Abstract
Purpose:
We evaluated the Exome Aggregation Consortium (ExAC) database as a control cohort to classify variants across a diverse set of genes spanning dominant and recessively inherited disorders.
Methods:
The frequency of pathogenic variants in ExAC was compared with the estimated maximal pathogenic allele frequency (MPAF), based on the disease prevalence, penetrance, inheritance, allelic and locus heterogeneity of each gene. Additionally, the observed carrier frequency and the ethnicity-specific variant distribution were compared between ExAC and the published literature.
Results:
The carrier frequency and ethnic distribution of pathogenic variants in ExAC were concordant with reported estimates. Of 871 pathogenic/likely pathogenic variants across 19 genes, only 3 exceeded the estimated MPAF. Eighty-four percent of variants with ExAC frequencies above the estimated MPAF were classified as “benign.” Additionally, 20% of the cardiac and 19% of the Lynch syndrome gene variants originally classified as “VUS” occurred with ExAC frequencies above the estimated MPAF, making these suitable for reassessment.
Conclusions:
The ExAC database is a useful source for variant classification and is not overrepresented for pathogenic variants in the genes evaluated. However, the mutational spectrum, pseudogenes, genetic heterogeneity, and paucity of literature should be considered in deriving meaningful classifications using ExAC.
Genet Med 18 8, 850–854.
Similar content being viewed by others
Introduction
Rapid advances in sequencing technologies have resulted in increasingly more genetic testing services, ranging from single-gene analysis to targeted panels and whole-exome and whole-genome sequencing. In clinical settings, the limiting factor has shifted from acquisition of sequencing data to classification, interpretation, and reporting of novel and recurring sequence variants with little or no conclusive information supporting causation.1
Classification of sequence variants considers the prevalence of the variant in presumably healthy unaffected individuals, cosegregation of the variant with disease in families, and computational and in vitro/in vivo analyses showing the predicted effect of the variant on function or aberrant splicing.2 In particular, the frequency of occurrence, or lack thereof, of a variant in the general population (controls) constitutes an important line of evidence impacting variant classification. Additionally, these databases are utilized in next-generation sequencing pipelines to exclude common variants that are less likely to be pathogenic.3,4 If the frequency threshold is set too low or if the data set used to ascertain frequency contains affected individuals, then potentially disease-causing variants may be filtered out in the early stages of the pipeline.

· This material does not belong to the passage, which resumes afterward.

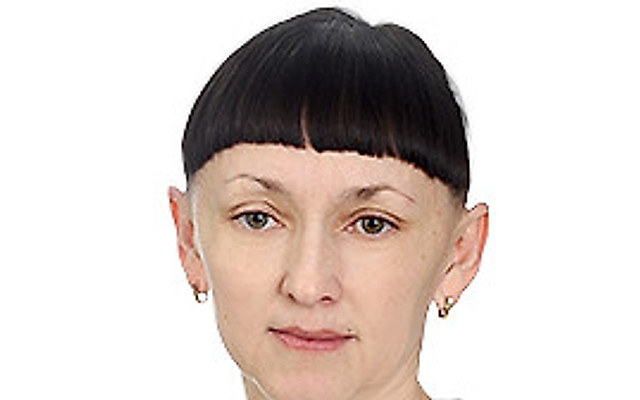 Виноградова Ольга Александровна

Therefore, the utility of large frequency databases to support classification and analysis of variants is rapidly gaining momentum.

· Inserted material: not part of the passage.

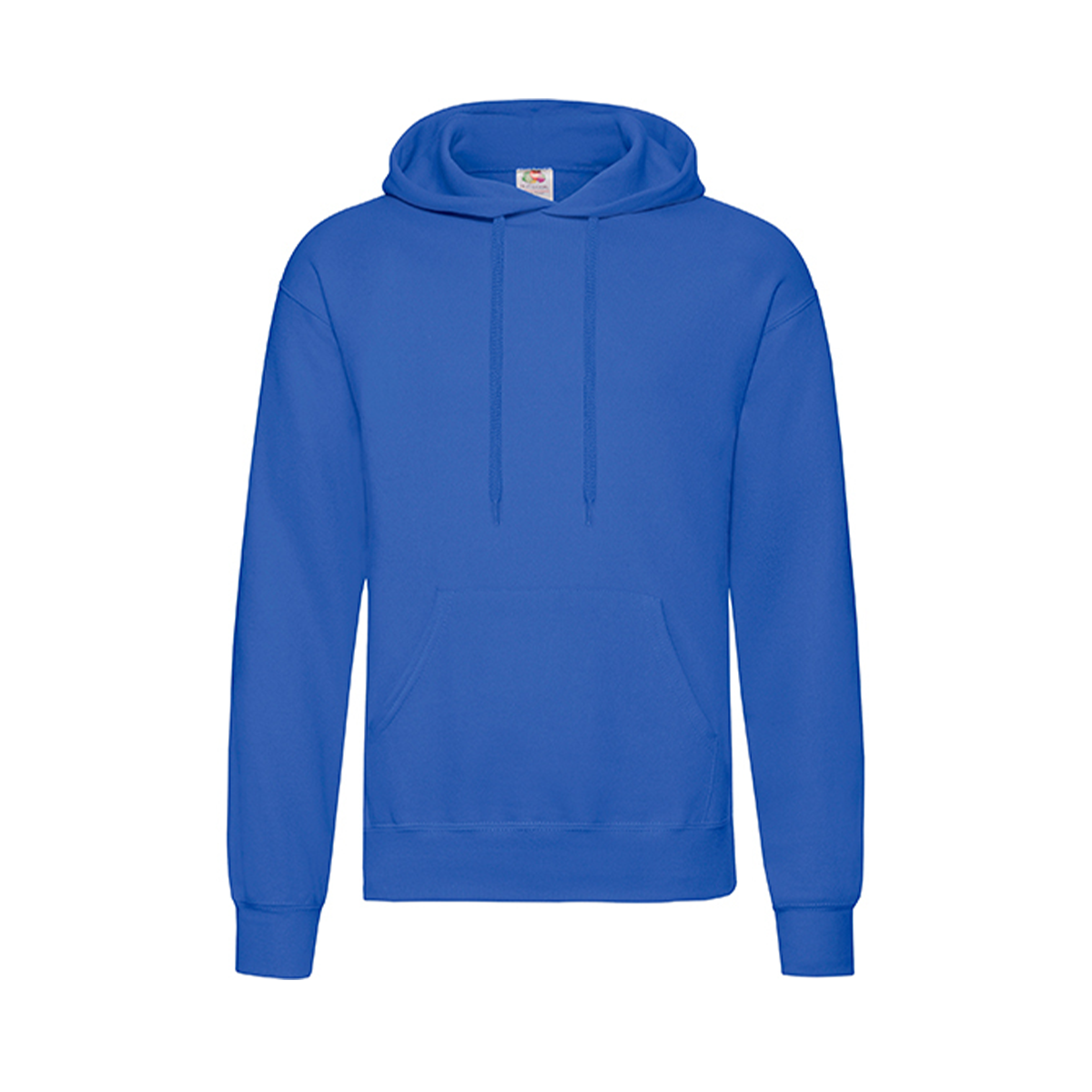 Classic Hooded Sweat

The Exome Aggregation Consortium (ExAC),5 a collection of whole-exome sequencing data from more than 60,000 ostensibly healthy individuals representing diverse human populations, was released in late 2014. The aim of this study was to evaluate this database as a representative control cohort for analysis and classification of sequence variants observed in a clinical laboratory. In particular, we wanted to explore whether the ExAC data set was enriched for pathogenic variation in specific disorders or genes. As the number, diversity, and heterogeneity of genes and disorders tested in clinical settings are rather diverse, we decided to pilot our study to include a broad, but representative, sampling of dominant tumor suppressor genes, dominant cardiovascular-disorder genes, and recessive genes with well-established clinical utility and uptake in clinical diagnostic settings.
Materials and Methods
Data collection and analysis
The ExAC data set provides sequence variation in 60,706 unrelated individuals from various disease-specific and population genetic studies. The data set includes a distribution of diverse ethnicities including European (non-Finnish), European (Finnish), African, Latino, South Asian, East Asian, and “Other.” Sequencing data from 17 contributing projects were included in ExAC. Although phenotype data for the individuals included have not been provided, individuals affected by severe pediatric disease were excluded from the data set.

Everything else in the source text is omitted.